Some of those "wacko" positions might have been relevant to the reasons that Senate Majority Leader Harry Reid (D-NV) and the Democrats felt compelled to threaten a change in the Senate rules on official confirmations. Among them, as Ezra Klein and Evan Soltas note:

  • Before President Obama took office, 20 executive-branch nominees were filibustered. Under the Obama administration, 16 have been filibustered.
  • Former Senate Majority Leader Lyndon Johnson faced one filibuster. Sen. Harry Reid has faced more than 400.
  • Republicans aren't just trying to block nominees; they're also trying to nullify or change agencies.

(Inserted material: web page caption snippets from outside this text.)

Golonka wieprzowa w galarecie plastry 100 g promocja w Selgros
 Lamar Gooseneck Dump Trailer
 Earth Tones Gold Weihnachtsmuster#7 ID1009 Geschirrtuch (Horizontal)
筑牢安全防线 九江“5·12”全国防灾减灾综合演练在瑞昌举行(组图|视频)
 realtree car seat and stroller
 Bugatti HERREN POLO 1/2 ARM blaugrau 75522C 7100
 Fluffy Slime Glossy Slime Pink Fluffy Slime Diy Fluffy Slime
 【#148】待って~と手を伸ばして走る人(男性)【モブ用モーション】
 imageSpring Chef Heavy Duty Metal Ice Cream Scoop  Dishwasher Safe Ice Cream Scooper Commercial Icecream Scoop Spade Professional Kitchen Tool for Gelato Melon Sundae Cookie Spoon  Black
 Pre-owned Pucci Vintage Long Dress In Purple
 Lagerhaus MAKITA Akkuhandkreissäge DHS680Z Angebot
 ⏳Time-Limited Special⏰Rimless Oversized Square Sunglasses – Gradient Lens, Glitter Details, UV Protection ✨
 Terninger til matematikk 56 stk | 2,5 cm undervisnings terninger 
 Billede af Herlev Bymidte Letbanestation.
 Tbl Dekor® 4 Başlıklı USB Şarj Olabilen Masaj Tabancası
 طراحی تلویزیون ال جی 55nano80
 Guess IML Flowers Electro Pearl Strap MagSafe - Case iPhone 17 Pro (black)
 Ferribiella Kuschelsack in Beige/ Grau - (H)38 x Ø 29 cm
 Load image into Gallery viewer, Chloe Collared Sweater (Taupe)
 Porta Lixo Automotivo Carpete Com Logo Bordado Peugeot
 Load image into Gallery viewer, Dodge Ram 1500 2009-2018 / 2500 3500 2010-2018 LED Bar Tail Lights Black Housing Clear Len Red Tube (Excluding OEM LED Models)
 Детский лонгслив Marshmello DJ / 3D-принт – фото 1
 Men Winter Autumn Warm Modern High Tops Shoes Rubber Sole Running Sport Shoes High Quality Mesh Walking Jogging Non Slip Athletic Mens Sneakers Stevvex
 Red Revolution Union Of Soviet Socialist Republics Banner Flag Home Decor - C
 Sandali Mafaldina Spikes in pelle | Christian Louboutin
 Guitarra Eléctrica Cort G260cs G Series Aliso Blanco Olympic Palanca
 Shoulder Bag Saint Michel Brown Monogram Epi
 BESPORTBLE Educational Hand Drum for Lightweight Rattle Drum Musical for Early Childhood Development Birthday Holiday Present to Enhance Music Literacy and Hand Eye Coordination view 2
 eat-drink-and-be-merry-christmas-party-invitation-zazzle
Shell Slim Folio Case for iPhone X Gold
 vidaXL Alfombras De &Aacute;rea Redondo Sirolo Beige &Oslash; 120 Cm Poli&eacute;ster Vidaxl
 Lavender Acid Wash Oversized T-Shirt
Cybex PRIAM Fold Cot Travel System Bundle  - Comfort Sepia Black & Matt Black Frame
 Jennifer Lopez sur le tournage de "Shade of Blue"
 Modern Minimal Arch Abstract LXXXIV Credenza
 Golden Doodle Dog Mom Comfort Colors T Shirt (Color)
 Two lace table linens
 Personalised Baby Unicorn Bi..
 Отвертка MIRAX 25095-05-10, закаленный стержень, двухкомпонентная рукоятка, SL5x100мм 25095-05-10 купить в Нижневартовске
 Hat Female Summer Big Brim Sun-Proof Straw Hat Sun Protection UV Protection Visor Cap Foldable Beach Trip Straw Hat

Yet you won't find any mention of the above in yesterday's front-page New York Times story or in the lead story on Politico's website. According to Rupert Murdoch's New York Post, Sen. Reid was "sounding like Dr. Strangelove."

Who, after all, are the journalists representing here? Do they feel they need to be fair to views that are put forth entirely cynically or views based on nothing more than ideology when compared to those that at least make a modicum of sense? Even with this false balance, after all, the American public does not share their commitment to baseless "on-the-one-handism." According to a recent Quinnipiac University poll, 51 percent of voters believe gridlock is primarily the result of Republican recalcitrance. Just 35 percent blamed it on President Obama's lack of "personal skills to convince leaders of Congress to work together."

Much the same can be said about Mark Leibovich's terrific new book about Washington politics, titled This Town. It tells you almost everything you need to know about Washington except what is most important.